Omnivorous, consuming principally fruits and small- to medium-sized vertebrates. Numerous authors (Dietz 1984; Carvalho and Vasconcellos 1995; Motta-Júnior et al. 1996; Azevedo and Gastal 1997; Motta-Júnior 1997; Rodrigues et al. 1998; Jácomo 1999; Santos 1999; Silveira 1999; Juarez and Marinho 2002; F. Rodrigues unpubl.) have investigated the diet of the Maned Wolf. These studies have all found a wide variety of plant and animal material in the diet, with about 50% of the diet comprising plant material and 50% animal matter. The fruit Solanum lycocarpum grows throughout much of the range and is a primary food source; other important items include small mammals (Caviidae, Muridae, Echimydae) and armadillos, other fruits (Annonaceae, Myrtaceae, Palmae, Bromeliaceae and others), birds (Tinamidae, Emberizidae and others), reptiles and arthropods. Although the frequency of plant and animal items found in faecal samples is approximately equal, the biomass of animal items is usually greater than that of plant items (Motta-Júnior et al. 1996; Santos 1999; F. Rodrigues unpubl.). Certain items, such as rodents and Solanum, are consumed year round, but the diet varies with food availability. At least occasionally, pampas deer (Ozotoceros bezoarticus) are also consumed (Bestelmeyer and Westbrook 1998). In Jácomo's (1999) study, deer appeared in 2.4% of 1,673 samples analysed.

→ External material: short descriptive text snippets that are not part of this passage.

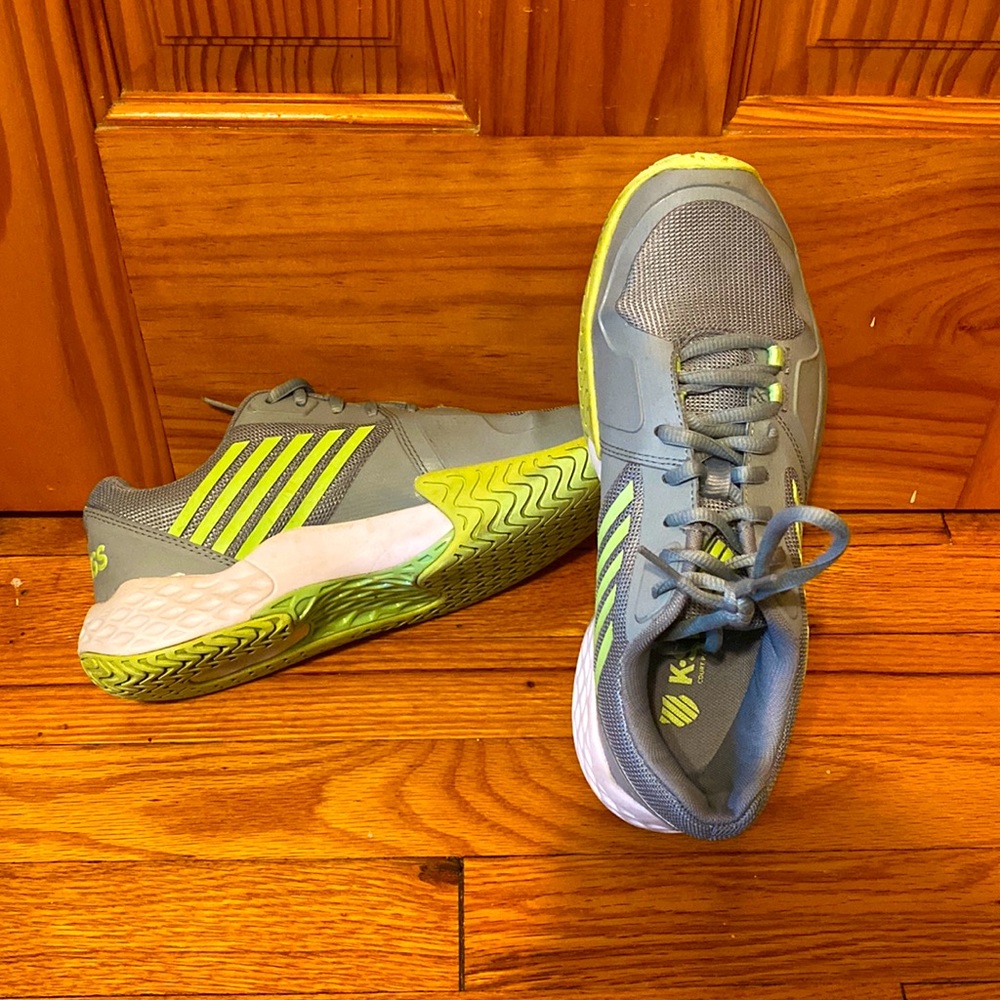 Tennis sneakers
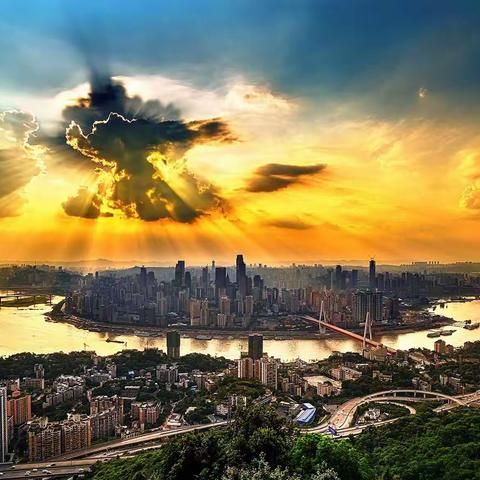 5月23日张氏家族一行人来到重庆旅游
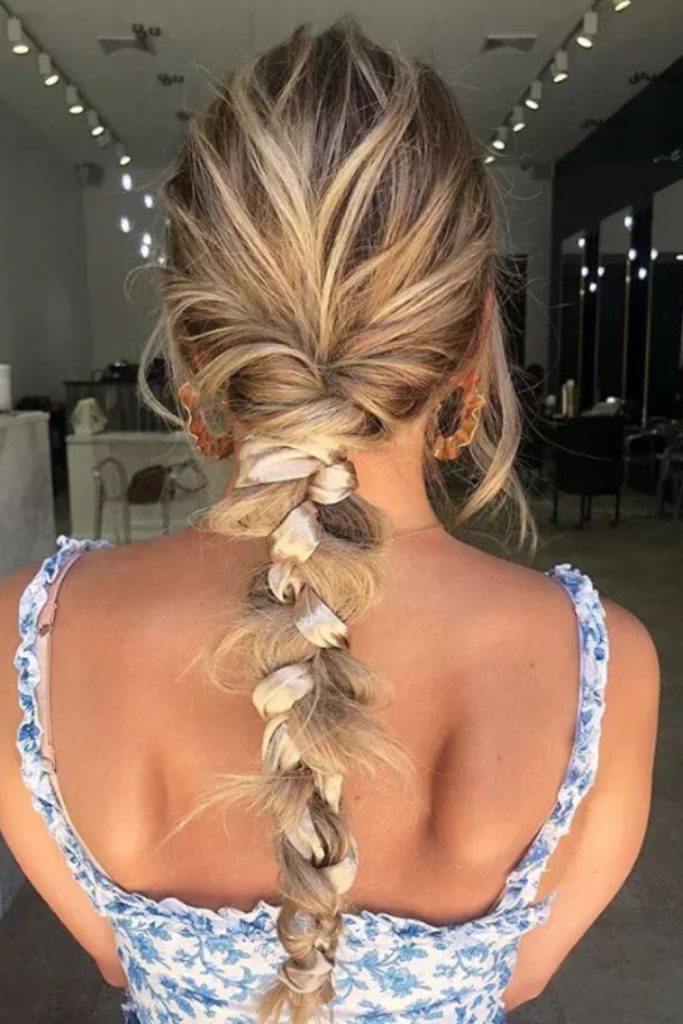 This wavy half-up hairstyle with a colorful hair clasp blends effortless style with everyday charm. Set against a light brick wall, it’s the perfect casual hair idea for dark brown hair. Pin it for inspiration on half-up hairstyles and relaxed wavy looks.
#HalfUpHair #WavyHairstyle #HairClaspStyle #CasualHairIdeas #BrownHairLooks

The most significant threat to Maned Wolf populations is the drastic reduction of habitat, especially due to conversion to agricultural land (Fonseca et al. 1994). In addition, habitat fragmentation causes isolation of subpopulations. Many Maned Wolves are killed on the nation's roads. Highways border many of the Conservation Units of the Brazilian cerrado, and drivers often do not respect speed limits. Reserves close to urban areas often have problems with domestic dogs. These dogs pursue and may kill Maned Wolves and can also be an important source of disease. Domestic dogs also possibly compete with the Maned Wolf for food. Interactions with humans also pose a threat to the Maned Wolf. Diseases, such as those mentioned above, can be important causes of mortality in the wild, but there is very little information available about the health of wild populations. In areas where there are domestic dogs, the problem is certainly greater.

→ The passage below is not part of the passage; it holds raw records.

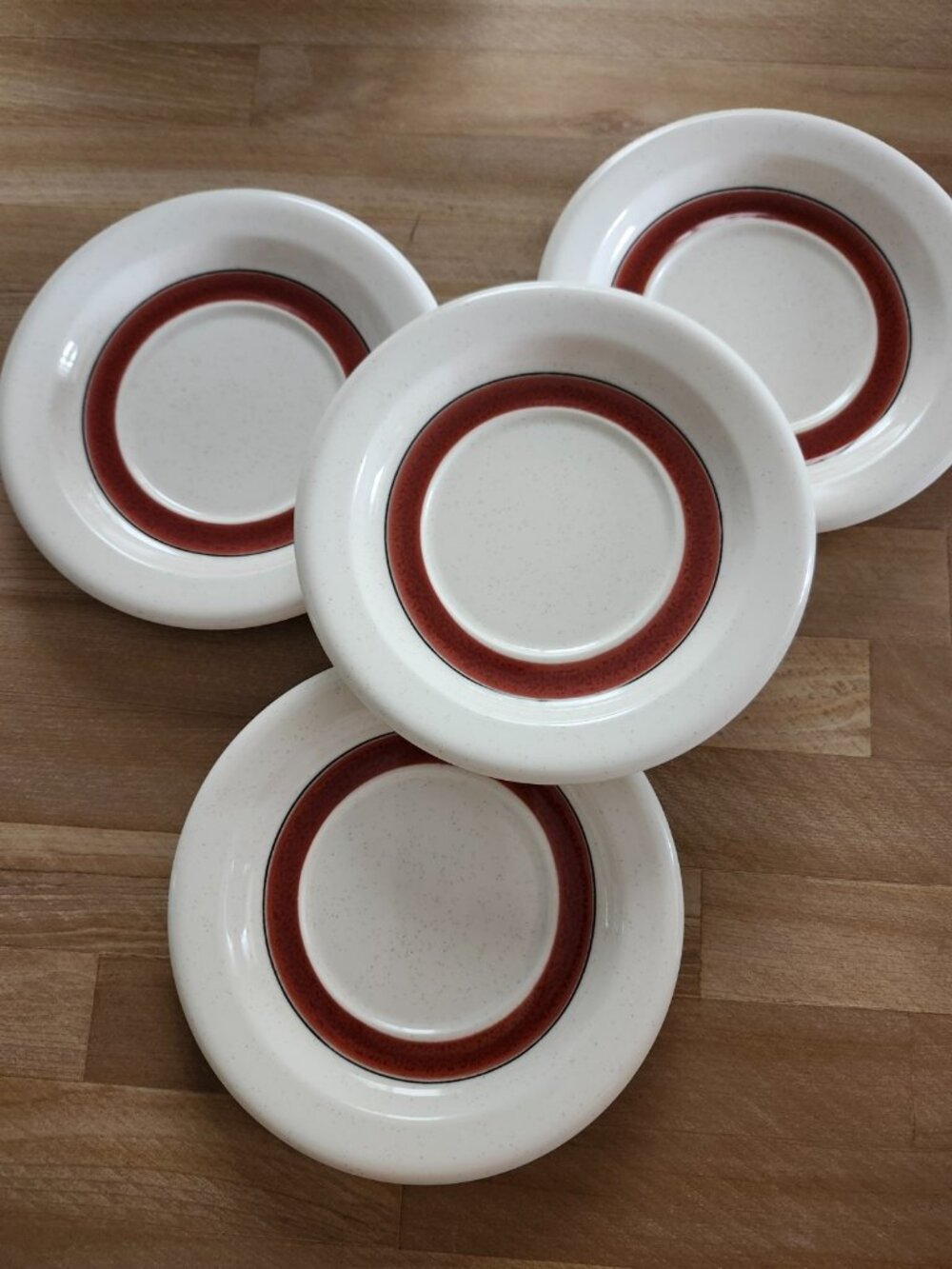 Mikasa 6" Bread / Side Plates Inner Sanctum Color Complements Set of 4 C-2503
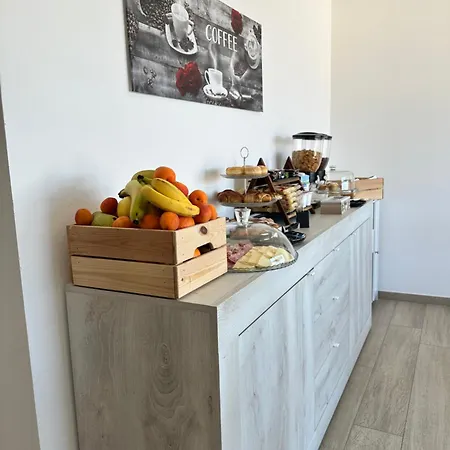 Tra Scirocco E Tramontana Bed & Breakfast 3*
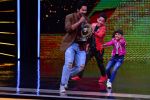 Varun Dhawan Spotted On the Sets Of Super Dancer - Chapter 2 For Promotion Of His Film October on 23rd March 2018 (32)_5ab4a8e99c54e.jpg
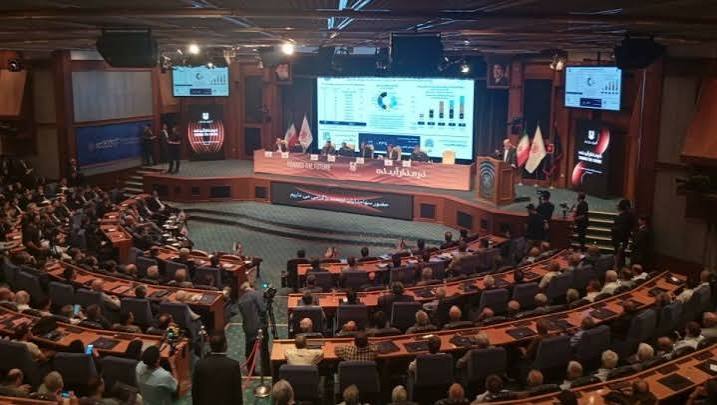 سود سهامداران «فملی» نصف شد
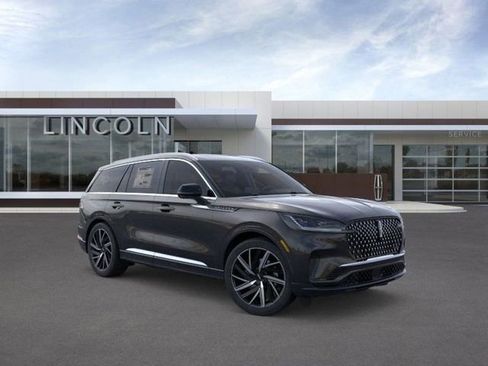 New 2025 Lincoln Aviator Black Label image 7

There is no commercial use. Indications are that the use of Maned Wolf parts for medicinal purposes does not involve any sort of large-scale commercial transactions and is confined to native folk medicine.
It is included on CITES Appendix II. Protected in Argentina (classified as Endangered on the Red List) and included on the list of threatened animals in Brazil (Bernardes et al. 1990). Hunting is prohibited in Brazil, Paraguay and Bolivia. Maned wolves are protected by law in many parts of their range, but enforcement is frequently problematic. Included in the United States Endangered Species list.
The species occurs in many protected areas in Argentina, Bolivia, Brazil, Paraguay and, possibly, Peru.
Assessors are not aware of any conservation actions specific to the Maned Wolf. However, they are the beneficiaries of broader attempts to protect the cerrado (for example, recent actions to reduce the impact of road kills in Brasilia).
Occurrence in captivity
As of 31 December 1999, 144 institutions reported a total of 412 maned wolves in captivity, including 203 males and 209 females.
Gaps in knowledge:
Population surveys throughout the species' range are needed. The impact of human encroachment on suitable habitat is not clearly understood, and the suitability of agricultural land as maned wolf habitat needs to be investigated. The impact of disease processes on wild populations is not well understood.